There were 5,772 households, out of which 24.3% had children under the age of 18 living with them, 50.0% were married couples living together, 8.2% had a female householder with no husband present, and 39.1% were non-families. 33.6% of all households were made up of individuals, and 16.2% had someone living alone who was 65 years of age or older. The average household size was 2.20 and the average family size was 2.84.

In the city, the population was spread out, with 19.4% under the age of 18, 5.4% from 18 to 24, 24.2% from 25 to 44, 26.3% from 45 to 64, and 24.8% who were 65 years of age or older. The median age was 46 years. For every 100 females, there were 86.7 males. For every 100 females age 18 and over, there were 82.4 males.

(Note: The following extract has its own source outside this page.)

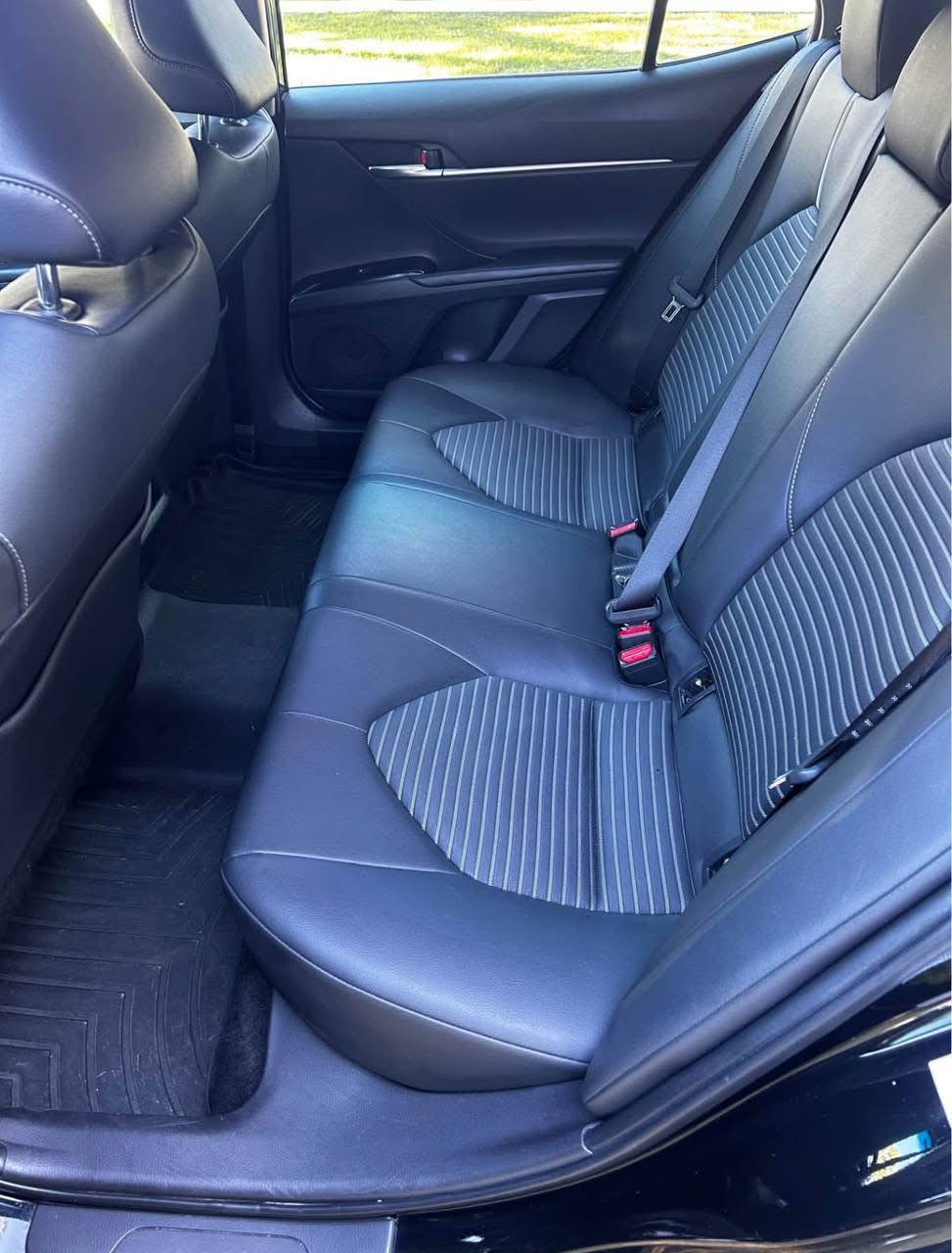 2018 Toyota Camry · SE Sedan 4D - Image 2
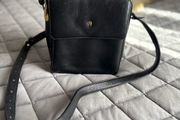 Vintage Etienne Aigner black leather crossbody bag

The median income for a household in the city was $55,306, and the median income for a family was $68,429. Males had a median income of $45,670 versus $36,334 for females. The per capita income for the city was $30,328. About 2.6% of families and 4.0% of the population were below the poverty line, including 3.2% of those under age 18 and 6.3% of those age 65 or over.
==Economy==
- Bayshore (shopping mall)
- Florsheim Shoes
- Johnson Controls
- Sprecher Brewery
- Kopps Frozen Custard

==Education==
The Glendale-River Hills School District is the elementary school district. All parts of Glendale are in the Nicolet Union High School District. Glen Hills Middle School is the middle school of the Glen Mills district, while Nicolet High School is of the Nicolet district.